## DATASET ENTRIES
· · · · ·

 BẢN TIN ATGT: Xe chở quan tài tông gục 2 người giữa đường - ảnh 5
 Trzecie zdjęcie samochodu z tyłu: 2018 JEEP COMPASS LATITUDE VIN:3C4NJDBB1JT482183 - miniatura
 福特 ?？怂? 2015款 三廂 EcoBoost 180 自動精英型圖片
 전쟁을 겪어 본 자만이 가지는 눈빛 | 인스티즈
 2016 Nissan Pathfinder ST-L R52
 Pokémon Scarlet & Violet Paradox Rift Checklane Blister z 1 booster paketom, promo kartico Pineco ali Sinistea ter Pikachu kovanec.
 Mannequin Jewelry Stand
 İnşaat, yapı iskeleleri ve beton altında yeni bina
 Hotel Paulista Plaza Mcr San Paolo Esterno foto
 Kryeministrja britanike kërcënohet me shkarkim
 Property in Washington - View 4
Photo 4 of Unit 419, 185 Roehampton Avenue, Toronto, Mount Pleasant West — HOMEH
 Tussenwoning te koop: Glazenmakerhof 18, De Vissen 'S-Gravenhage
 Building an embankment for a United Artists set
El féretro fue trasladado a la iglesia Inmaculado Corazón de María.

· · · · ·

## YOUR INSTRUCTIONS
Starting at the line with "Mannequin Jewelry Stand", retype each line through the final one in the data above, unchanged and with nothing added.

## SOLUTION
 Mannequin Jewelry Stand
 İnşaat, yapı iskeleleri ve beton altında yeni bina
 Hotel Paulista Plaza Mcr San Paolo Esterno foto
 Kryeministrja britanike kërcënohet me shkarkim
 Property in Washington - View 4
Photo 4 of Unit 419, 185 Roehampton Avenue, Toronto, Mount Pleasant West — HOMEH
 Tussenwoning te koop: Glazenmakerhof 18, De Vissen 'S-Gravenhage
 Building an embankment for a United Artists set
El féretro fue trasladado a la iglesia Inmaculado Corazón de María.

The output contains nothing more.